Adoption.

Stephanie

(Posted on Facebook, don't feel like taking names out. Timmy is my boyfriend, TJ is our son.)

It's almost midnight and the days are counting down to when this baby is due. Almost 13 days away now!

I am so excited I got to carry this baby boy for 9 months.

1 1/2 months ago, I had decided on adoption. Timmy and I both had talked about it and thought it was best. We contacted the adoption agency after I had stumbled upon this perfect couple. We ended up telling the agency to not contact the couple yet, because I had on and off emotions about it.

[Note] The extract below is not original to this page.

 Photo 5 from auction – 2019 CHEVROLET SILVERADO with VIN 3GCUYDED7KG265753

EVERY day, I tried to tell myself and Timmy that we can do this, we can raise this baby. Every day, I knew that that wasn't true, but every day, Timmy supported me.

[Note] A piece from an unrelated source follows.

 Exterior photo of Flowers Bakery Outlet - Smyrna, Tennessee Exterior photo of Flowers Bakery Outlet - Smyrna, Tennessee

We were trying. But the closer we kept getting to the due date, the more real it became. We are barely getting by with just one baby, and we want to give this other one a better life that we know we can't give him.

So two days ago, I contacted the agency and asked if that couple was still available. She said yes, she called them today after I had told her that our decision is final. We have been able to talk to the couple all day!

I know this is the right decision. For a month and a half, I tried to picture myself holding this baby.. Raising him, doing fun things with him.. But that's just not what I saw, no matter how badly I wish it was.